Meï. – C’est à lui de regretter. Et puis au préfet. Aux ministres. Tous ces salauds qui se satisfont du monde qu’ils sont en train de fabriquer. Tu en veux, toi, tout d’un coup ?
Tristan. – T’as pas changé d’un pouce, toi.
Meï. – Me dis pas que ça t’a servi de leçon. Me dis pas que maintenant, t’es prêt pour l’abattage. Moi je suis toujours pas prête à entrer dans ce jeu-là. Si c’est la condition, je préfère pas grandir. De tout façon, il faudrait mieux jamais grandir si c’est pour finir en vieille conne.

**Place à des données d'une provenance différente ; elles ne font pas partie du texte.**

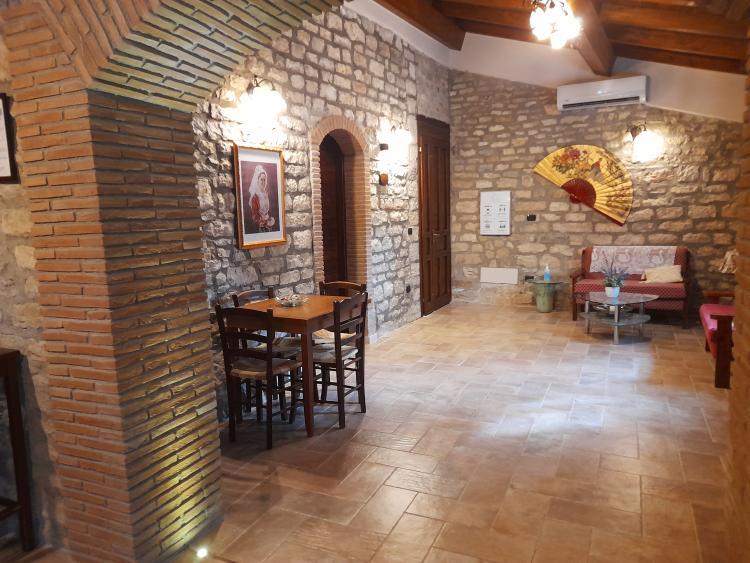 La Maison du Pont | B&B Hotel Pietrelcina | Dormire di qualità foto 21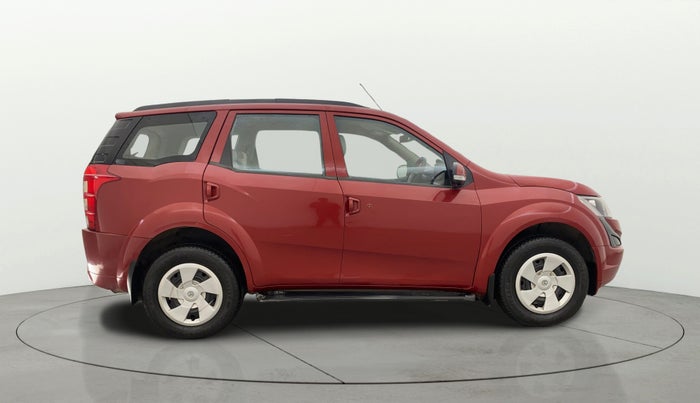 2016 Mahindra XUV500 W4, Diesel, Manual, 1,02,852 km, Right Side View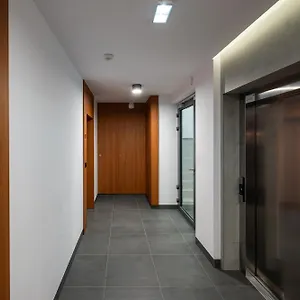 https://apt-mokotw-nowe-poudnie-chic.warsawhotelspoland.com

Tristan. – Ça fait du bien de t’entendre, Meï !
Dans la presse

Dans ce nouveau recueil, nous découvrons huit pièces courtes accompagnées d’autant de « Lettres à moi, lycéen-ne (autobiographies décalées) » des autrices et auteurs qui ont participé à ce projet. Ces lettres, souvent émouvantes, éclairent les pièces d’une pointe de nostalgie sur le monde d’avant, celui d’une adolescence révolue. Huit voix énergiques pour dire la violence d’un amour, la blessure d’un ricanement, l’impossibilité de naître dans un monde en guerre… (…) Chaque texte est singulier : à nous de choisir parmi ces pièces chorales écrites pour être lues ou jouées, en classe ou sur scène.